Troubleshooting: Handling Abnormal Disk Status After Replacing Disk Controller in Oracle Engineered Systems
Our articles will be updated simultaneously on the WeChat public account IT Migrant’s Dragon Horse Life and the blog website ( www.htz.pw ). We welcome you to follow and bookmark, and also encourage everyone to share, but please indicate the source of the article at the beginning. Thank you! Due to the large amount of code in the blog, the browsing effect is better through the page.

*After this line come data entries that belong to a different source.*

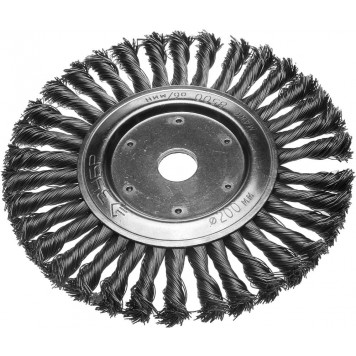 35190-200_z01 | Щетка дисковая для УШМ, плетеные пучки стальной проволоки 0,5мм, 200х22мм, ЗУБР ЭКСПЕРТ-0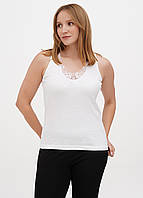 Майка жіноча Ceylanoglu біла класична гладка модель на широкій брительці, 100% бавовна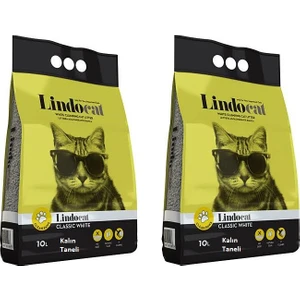 Lindocat Hijyenik Topaklaşan Kokusuz Kalın Taneli Kedi Kumu 10 l x 2 Adet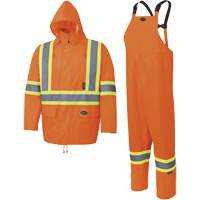 5618 150D Rain Suit, Polyester/Polyurethane, Small, High Visibility Orange Duraquip Inc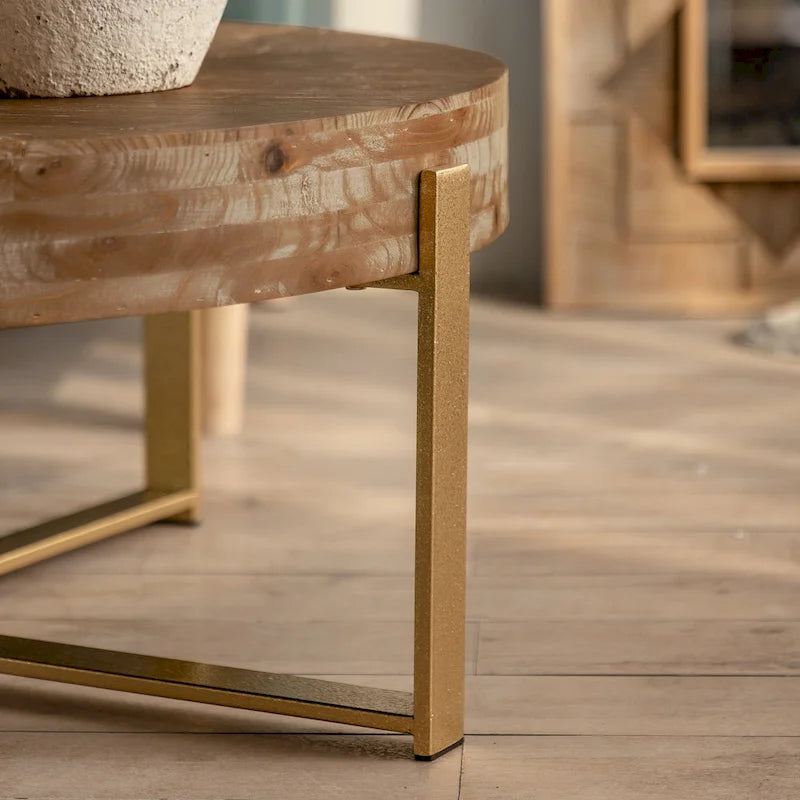 Modern Retro Splicing Round Coffee Table Simple Coffee Table with Fir Wood Tabletop Gold Cross Leg, for Living Room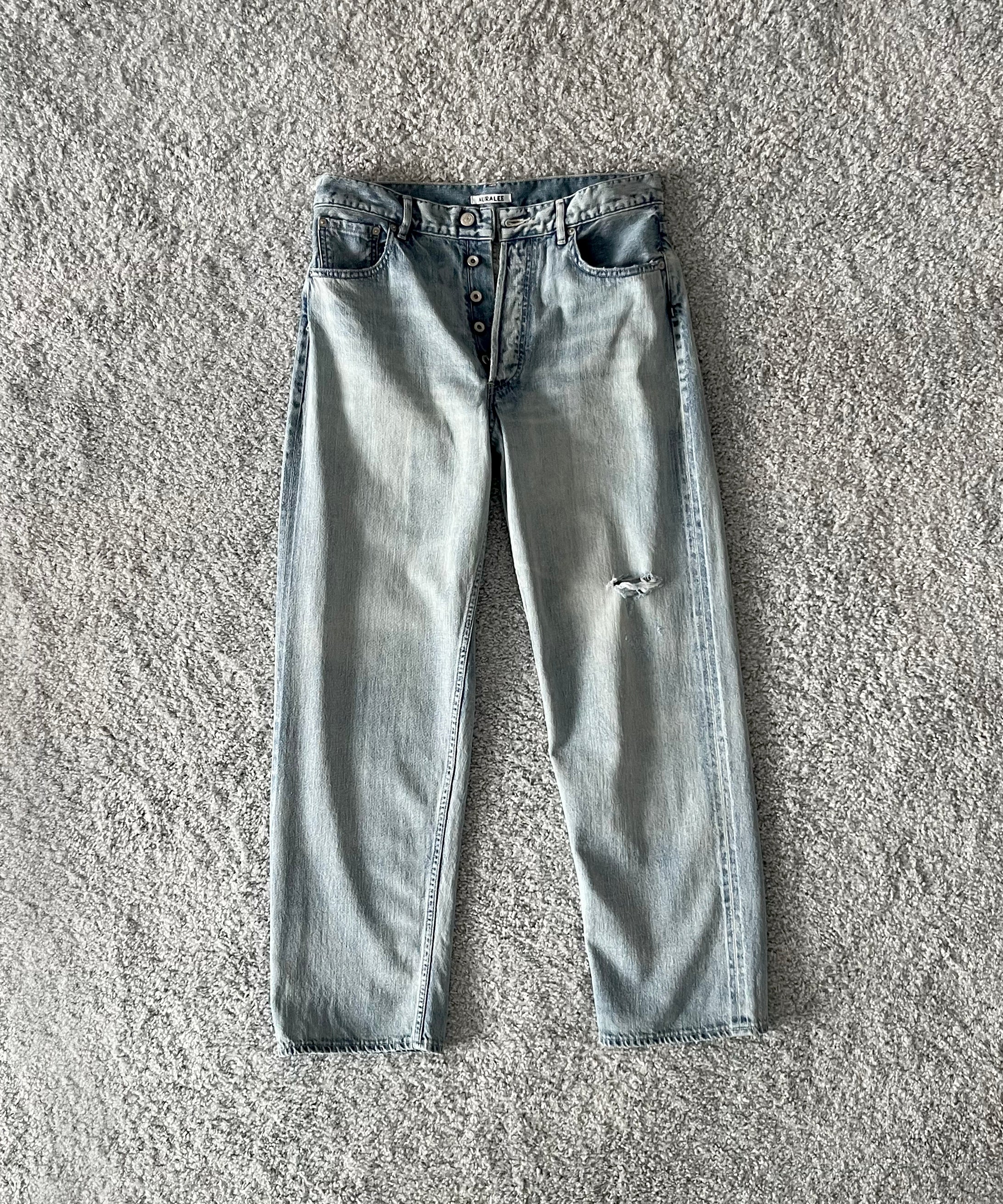 AURALEE Faded selvedge light denim wide pants "LIGHT INDIGO"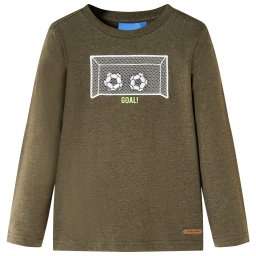Tricou maneci lungi de copii, kaki melanj, 128 GartenMobel Dekor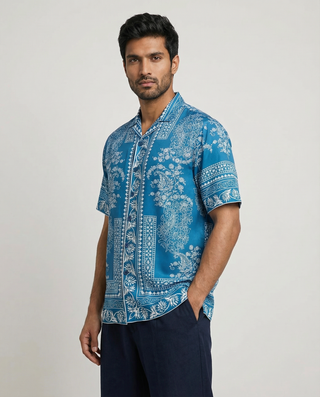 Porcelain Blue Relaxed Fit Cuban Shirt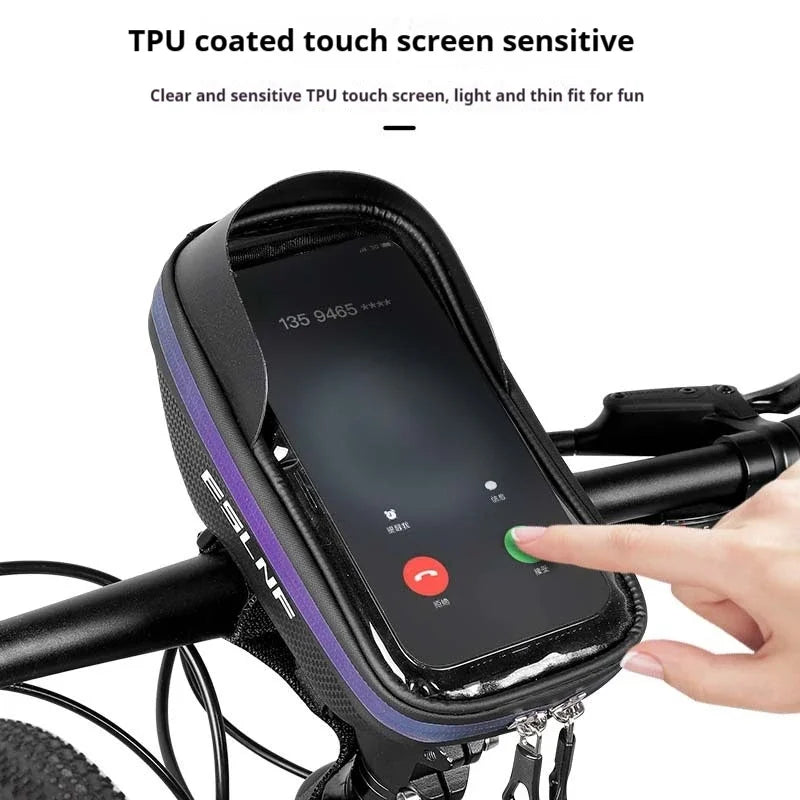 Bike front frame phone mount bag waterproof design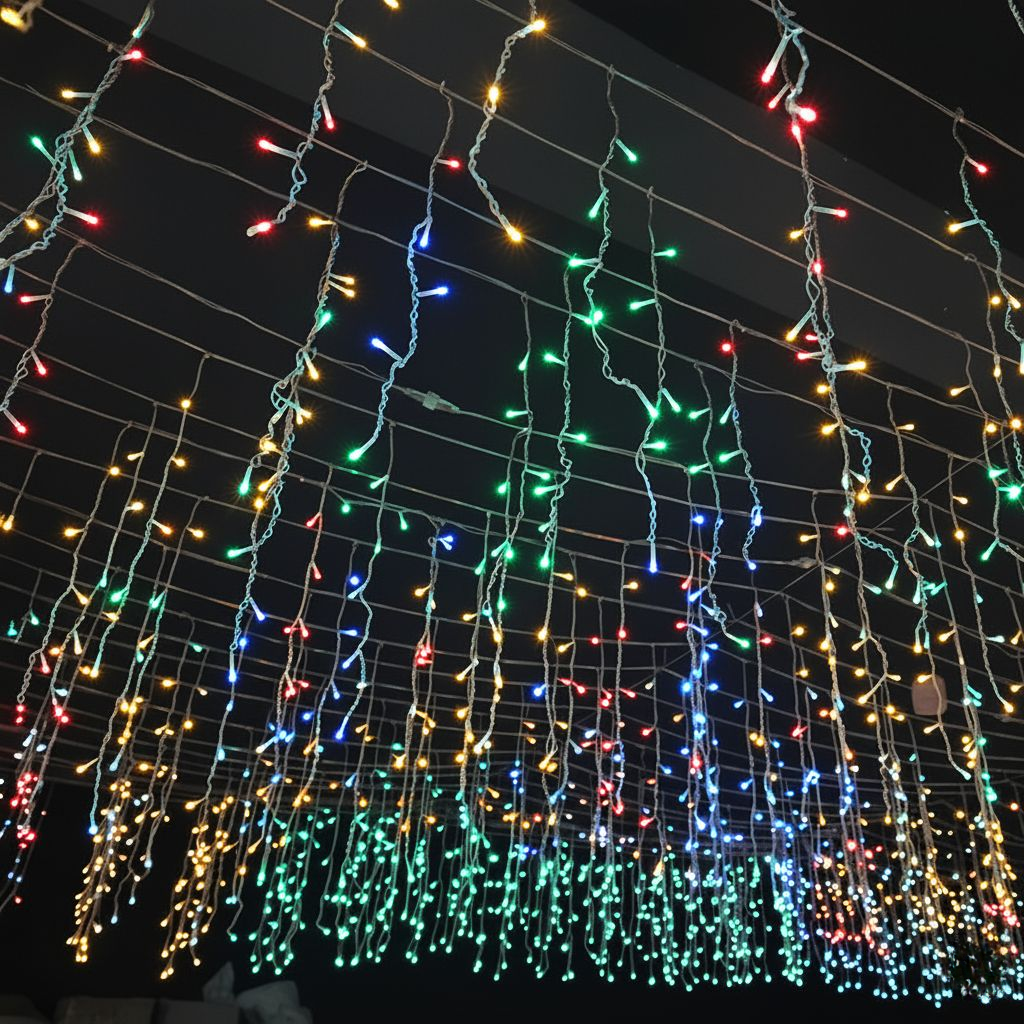 Lumière Cascade | Guirlandes Extérieures Étanches pour Fête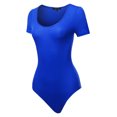 thumbnail image 2 of A2Y Women's Lightweight Crew Neck Rayon Short Sleeve Bodysuit Royal Blue M, 2 of 6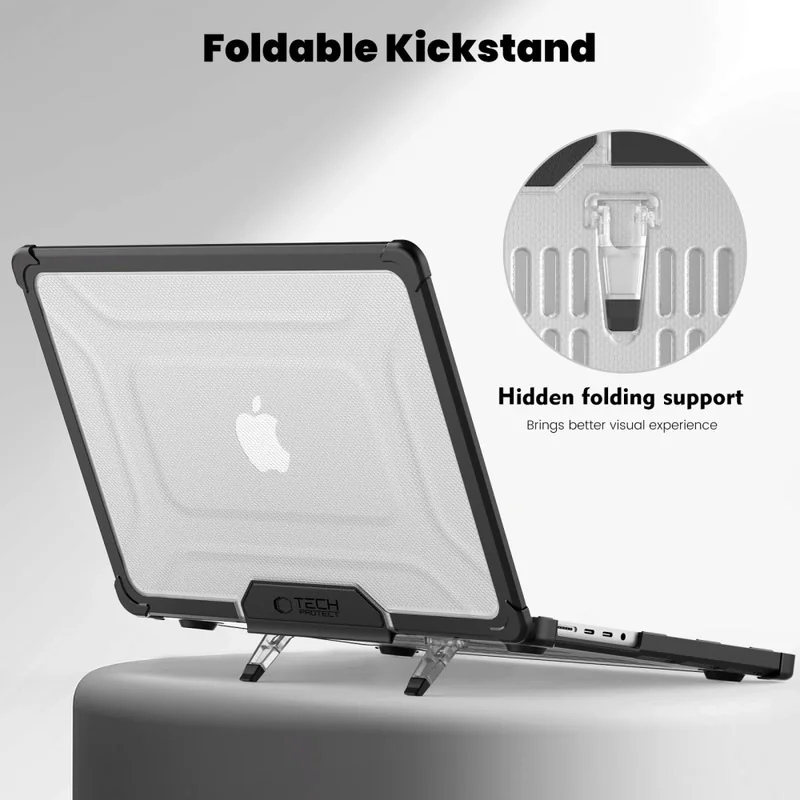 Tech-Protect Smartshell kryt na Macbook Pro 14'' M1 - M5 Pro Max 2021-2026, čierny / priesvitný 2026, čierny / priesvitný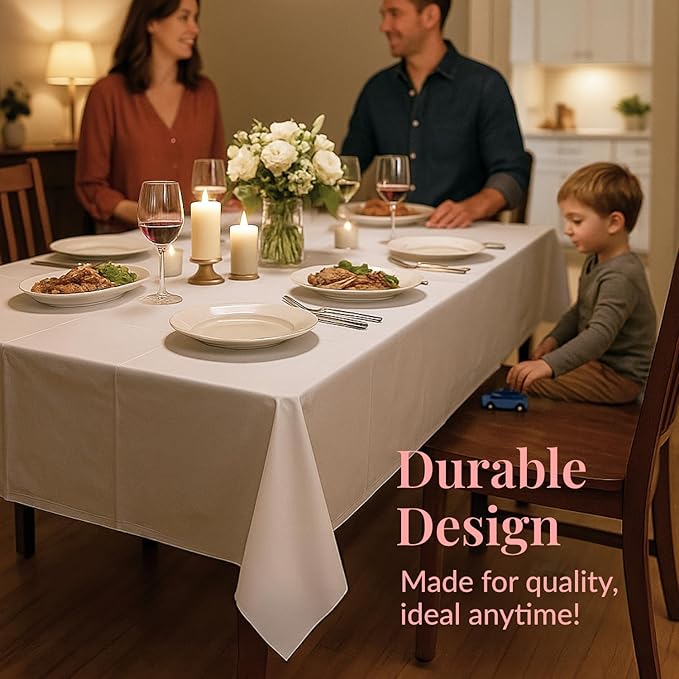 Prestee 24 Pack Plastic Table Cloth Disposable - 108" x 54" White Table Cloth Rectangle for Indoor or Outdoor Use - White Tablecloths for Weddings, Parties - Plastic Table Cover for Fine Dining Events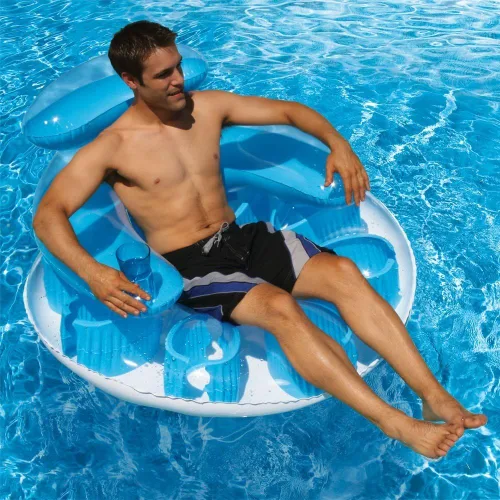Vista 2 de Poolmaster Water Pop - Flotador circular para piscina, azul, grande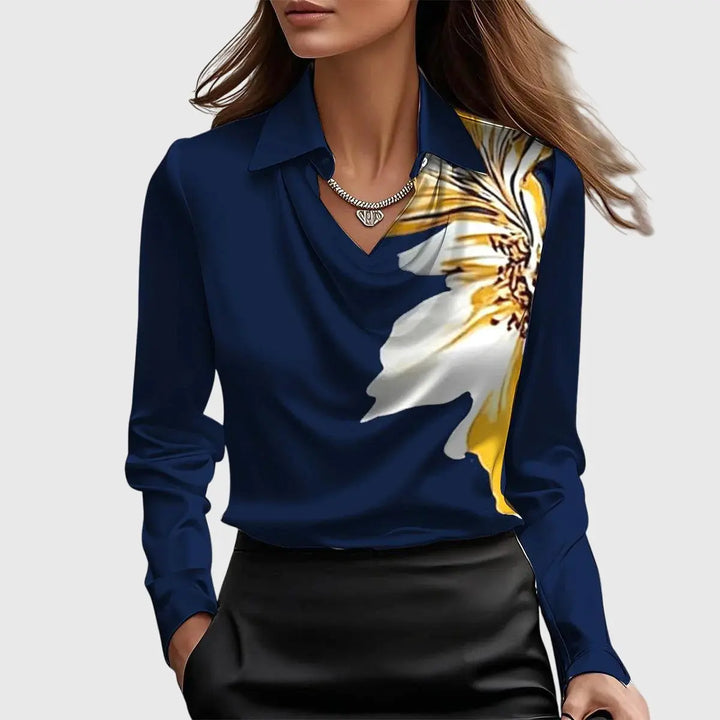 Brooklyn | Women Satin Cowl Neck Long Sleeve Blouse Luvy Boutique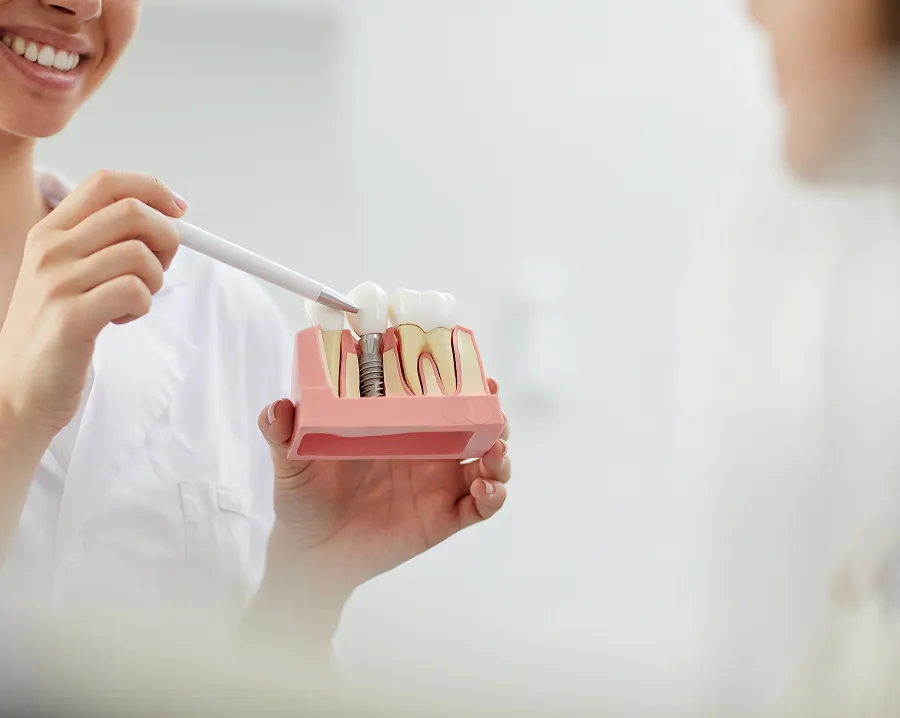 Dentist holding a dental implant model and pointing to the implant crown with a dental tool.
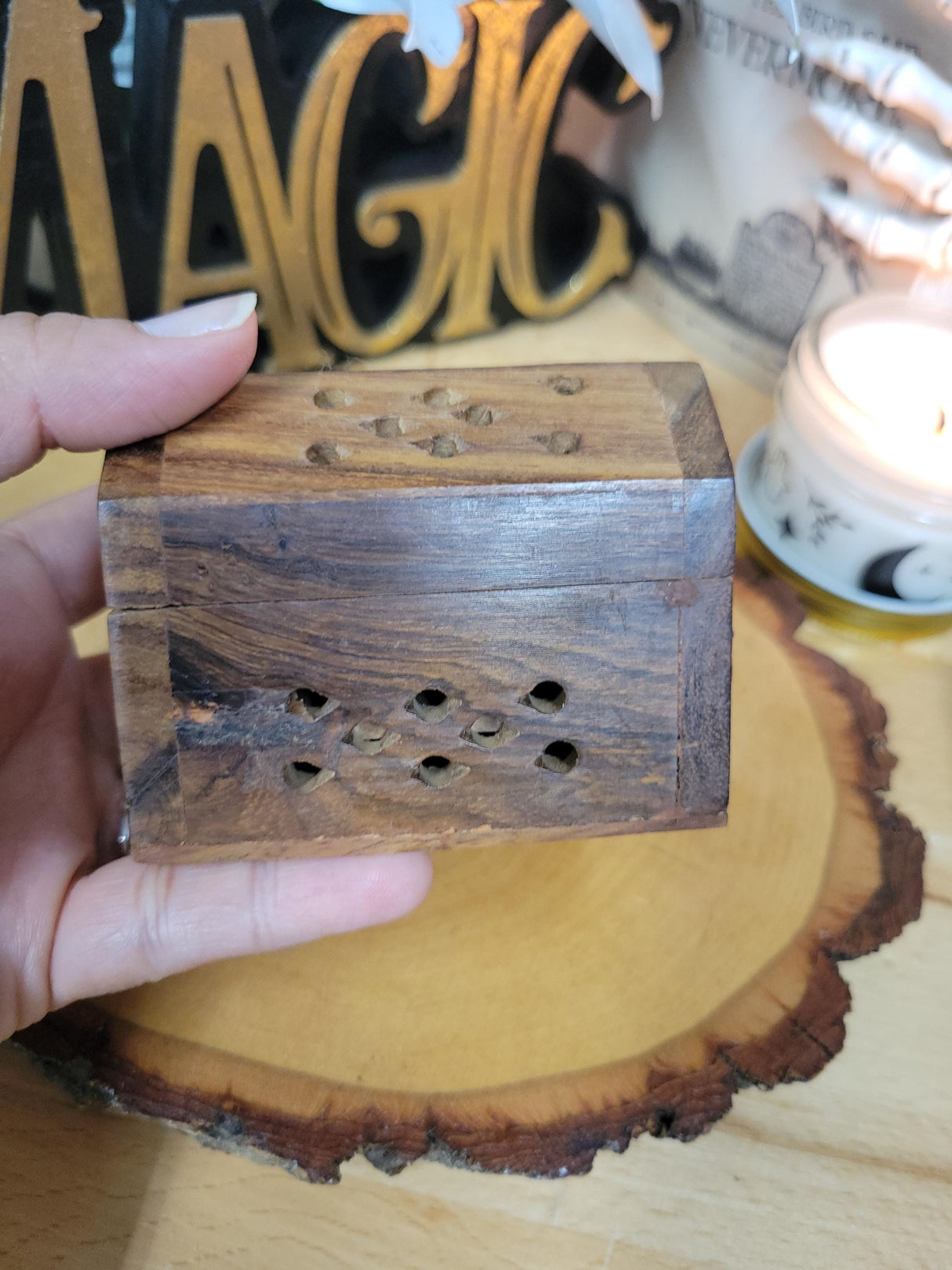 Small Wood Incense Cone Burner Handmade Home Decor Meditation and Gift for Aromatherapy Lovers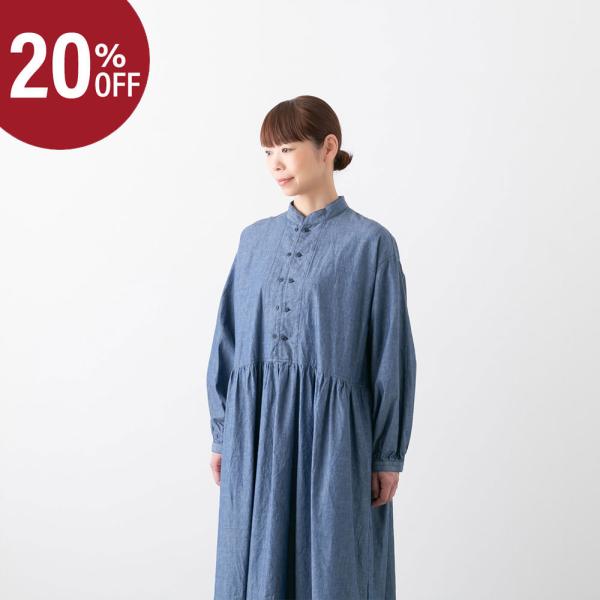 美品✨45R コットン ダンガリー 九分袖 ドレス 日本製 オーバーサイズ 現行 サラウェア Dungaree Farmer's Dress ダンガリー ファーマーズ ドレス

This is the fifth case of disk failure in engineered systems discussed with friends this year. All these cases share a common issue: my friends treat Oracle engineered systems as ordinary x86 servers for maintenance, which ultimately leads to various problems after disk replacement. In fact, as mentioned in the previous article, Oracle engineered systems have a tightly integrated hardware and software architecture. The detection and replacement of disk failures cannot be based on ordinary x86 models. Here, we place the recommendations at the beginning to draw everyone’s attention.
5. Recommendations
The hardware operation and maintenance of Oracle engineered systems are fundamentally different from ordinary x86 servers, especially in the management of disks and storage subsystems, which requires users to pay close attention:
- • Deep Integration of Hardware and Software: Oracle engineered systems deeply integrate hardware (such as disks, controllers, HBA cards, etc.) with proprietary software stacks (such as CellCLI, automated health checks, disk isolation mechanisms, etc.). Any hardware replacement or adjustment will be automatically detected by the system, triggering a series of self-protection and verification mechanisms, which is completely different from the “plug and play” concept of ordinary x86 servers.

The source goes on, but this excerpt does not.